When you return the data, keep every line exactly as it is and leave out the pictures.

------------------------------------------------------------

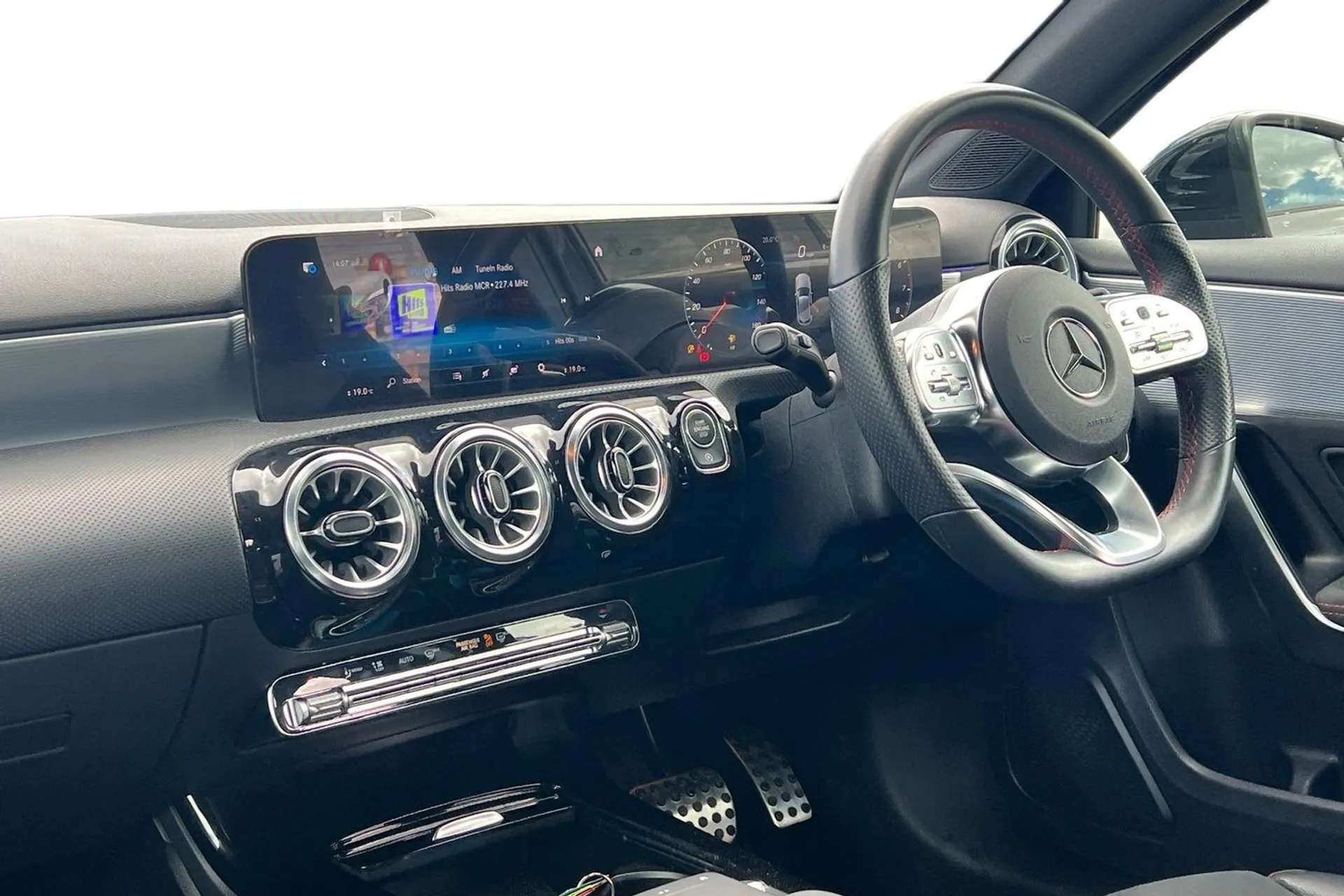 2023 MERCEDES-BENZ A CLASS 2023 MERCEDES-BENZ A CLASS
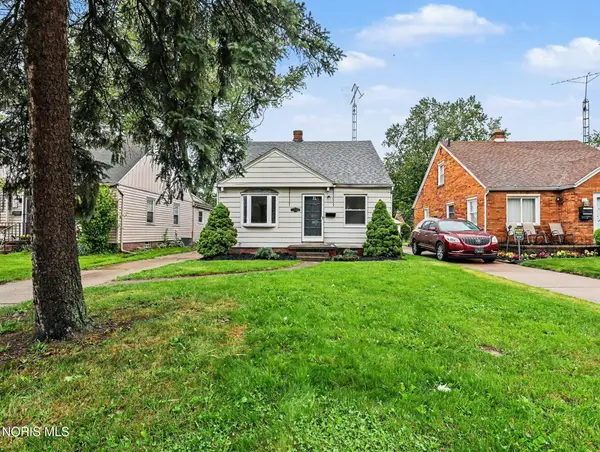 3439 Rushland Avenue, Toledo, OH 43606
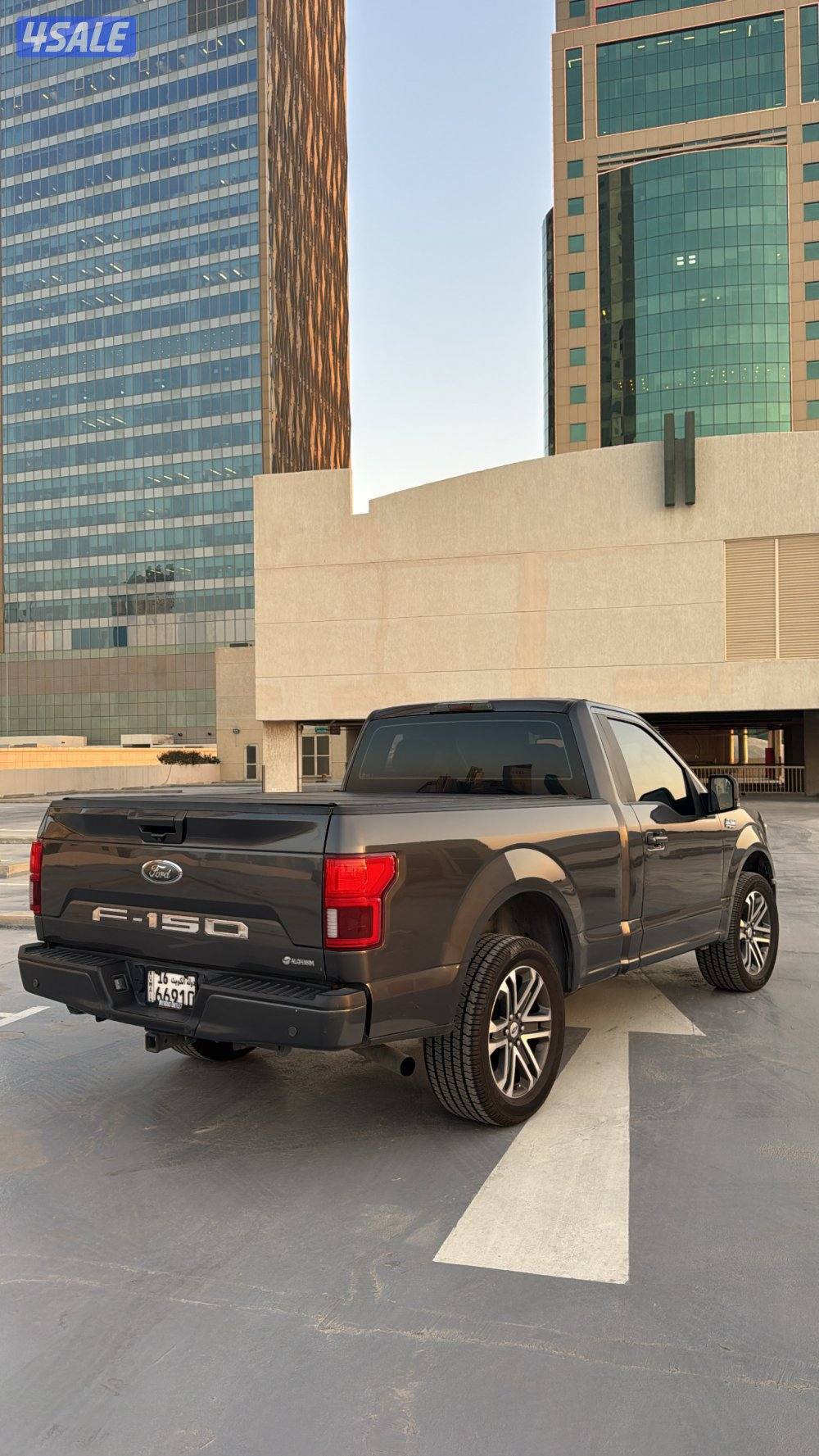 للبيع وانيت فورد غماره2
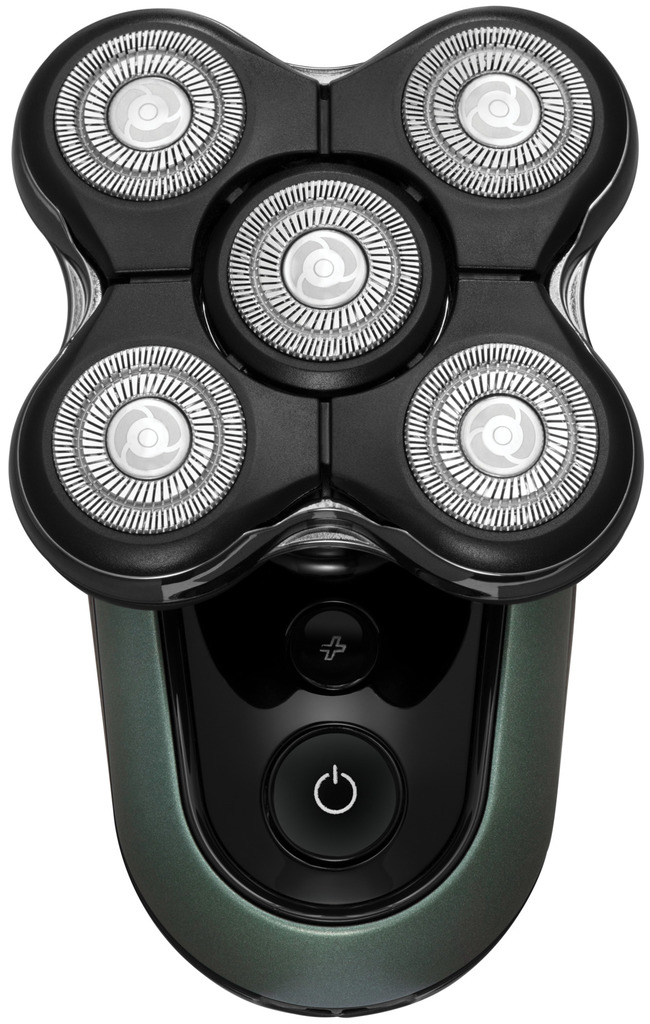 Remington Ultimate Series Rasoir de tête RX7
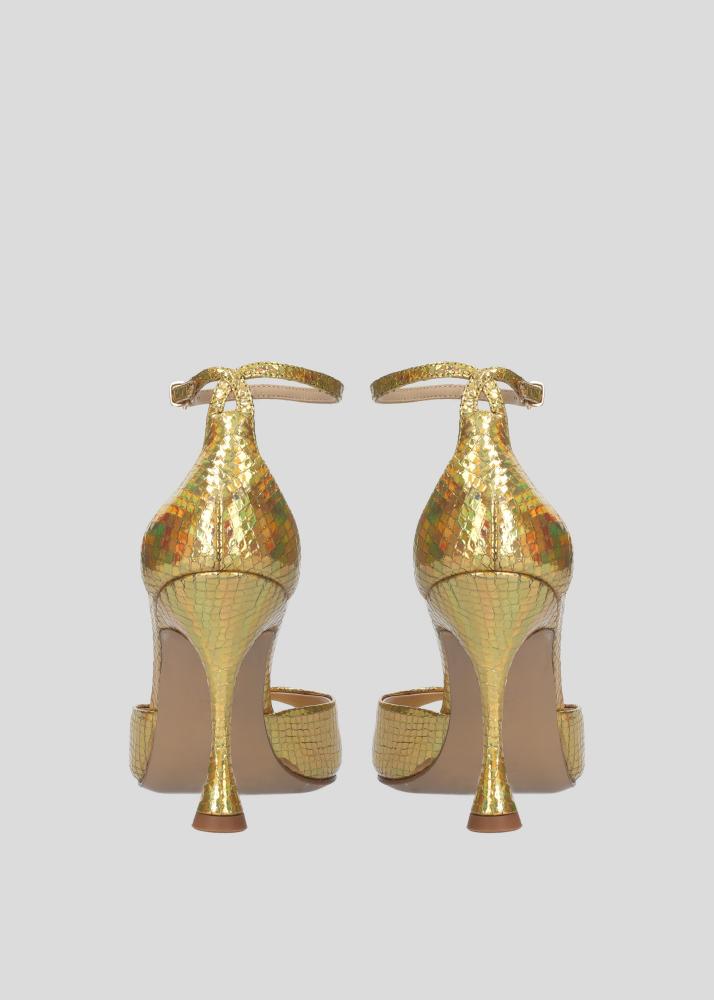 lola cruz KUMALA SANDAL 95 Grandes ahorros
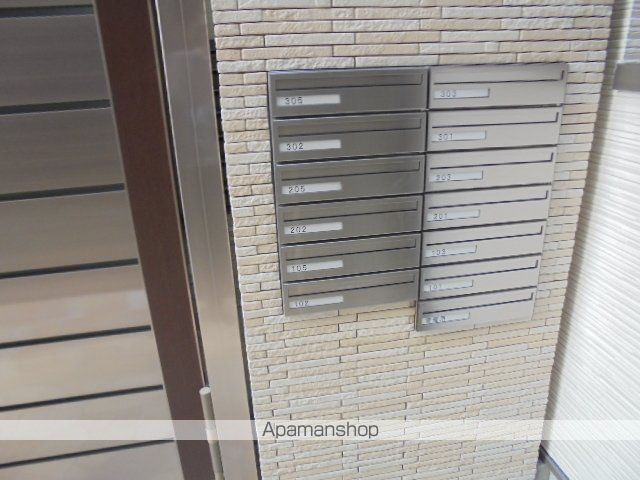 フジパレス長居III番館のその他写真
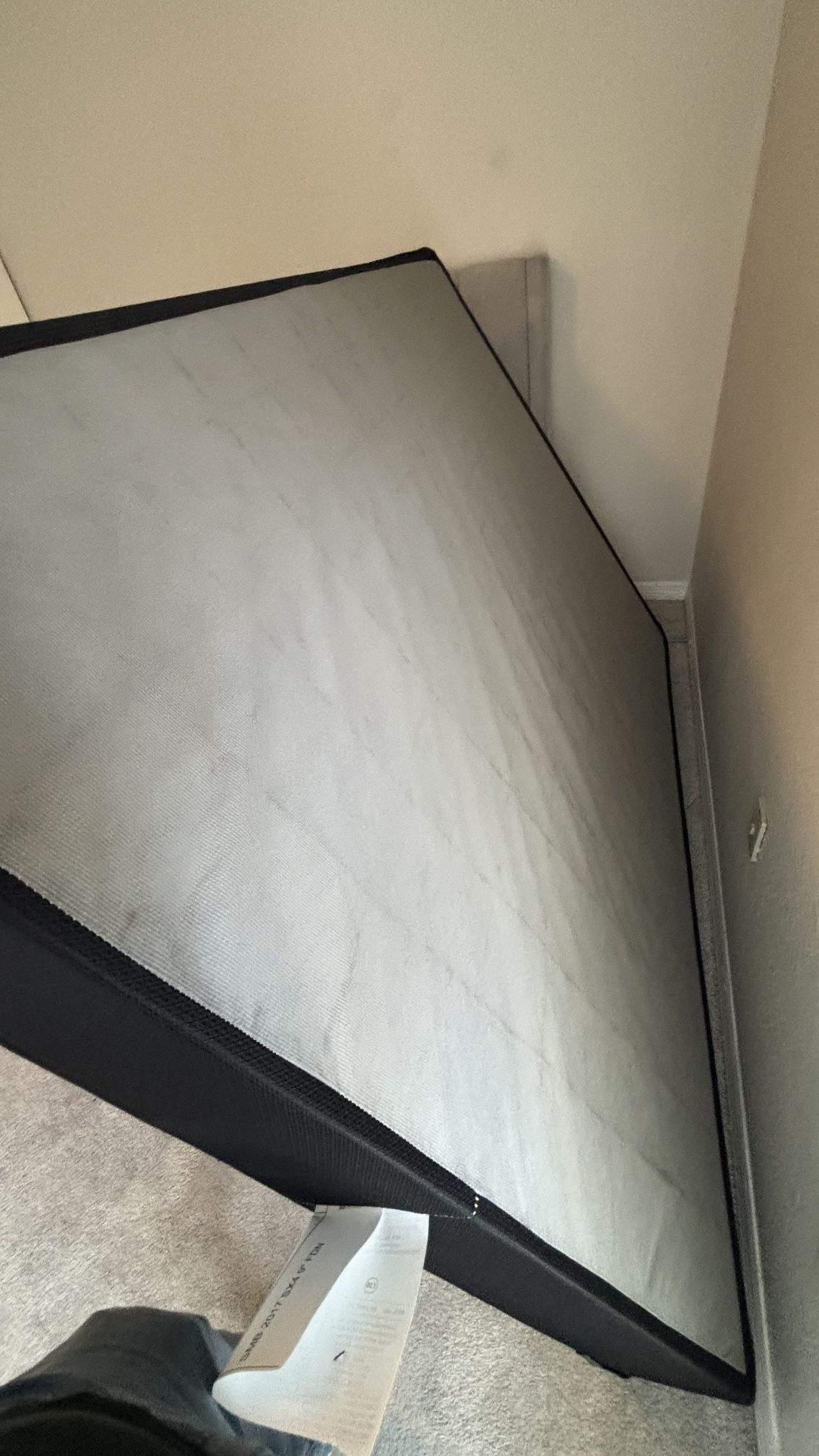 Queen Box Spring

------------------------------------------------------------

- Solution to the problem -
 2023 MERCEDES-BENZ A CLASS 2023 MERCEDES-BENZ A CLASS
 3439 Rushland Avenue, Toledo, OH 43606
 للبيع وانيت فورد غماره2
 Remington Ultimate Series Rasoir de tête RX7
 lola cruz KUMALA SANDAL 95 Grandes ahorros
 フジパレス長居III番館のその他写真
 Queen Box Spring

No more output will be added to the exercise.